Although corporations are fictitious persons, the acts and interests, rights and liabilities, attributed to them by the law are those of real or natural persons, for otherwise the law of corporations would be destitute of any relation to actual fact and of any serious purpose. Every corporation, therefore, involves in the first place some real person or persons whose interests are fictitiously attributed to it, and in the second place some real person or persons whose acts are fictitiously imputed to it. A corporation, having neither soul nor body, cannot act save through the agency of some representative in the world of real men. For the same reason it can have no interests, and therefore no rights, save those which are attributed to it as a trustee for or otherwise on behalf of actual human beings.[[290]] Whatever a company is reputed to do in law is done in fact by the directors or the shareholders as its agents and representatives. Whatever interests, rights, or property it possesses in law are in fact those of its shareholders, and are held by it for their benefit. Every legal person, therefore, has corresponding to it in the world of natural persons certain agents or representatives by whom it acts, and certain beneficiaries on whose behalf it exists and fulfils its functions. Its representatives may or may not be different persons from its beneficiaries, for these two capacities may or may not be united in the same individuals. The shareholders of a company are not merely the persons for whose benefit it exists; they are also those by whom it acts. In the case of a corporation established for charitable purposes it is otherwise, for the beneficiaries may have no share whatever in the management of its affairs.
The representatives and beneficiaries of a corporation must not be confounded with its members. These last are, as we have seen, the individuals who form the group or series personified by the law, and who so constitute the corpus or body of the fictitious person thus created. Membership of a corporation does not in itself affect in any way the rights or liabilities of the members, for it is nothing more than a matter of form. A man’s privileges and responsibilities in respect of a corporation depend on whether he is one of its representatives or beneficiaries, not on whether he is formally accounted by the law as one of its members. Municipal corporations are constituted by the incorporation of the inhabitants of boroughs; but if by statute it were declared that they should consist for the future of the mayor, aldermen, and councillors, the change would not affect the rights, powers, or liabilities of any human being.

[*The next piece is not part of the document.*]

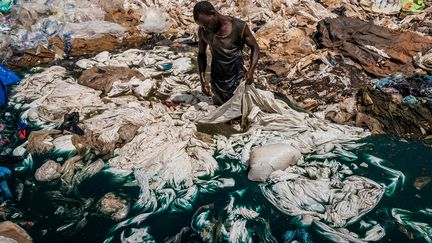 Katabi, Ouganda. Dans une décharge située dans un marécage, un homme nettoie des sacs plastiques dont le colorant bleu va contaminer l’eau du lac Victoria. En s’établissant pour des raisons économiques dans une zone humide, filtre naturel des eaux de ruissellement, les oubliés de la croissance ougandaise la détruisent et contribuent à la pollution du lac. (FREDERIC NOY)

The extent to which the three classes of persons with whom a corporation is concerned, namely its members, its representatives, and its beneficiaries, are coincident and comprise the same persons, is a matter to be determined as the law thinks fit in the particular case. The members of a corporation may or may not be those by whom it acts, and they may or may not be those on whose behalf it exists.
It is worth notice that some or all of the members of a corporation may be corporations themselves. There is nothing to prevent the shares of a company from being held by other companies. In this case the fiction of incorporation is duplicated, and the law creates a fictitious person by the personification of a group of persons who themselves possess a merely legal and artificial personality.
§ 110 The Acts and Liabilities of a Corporation.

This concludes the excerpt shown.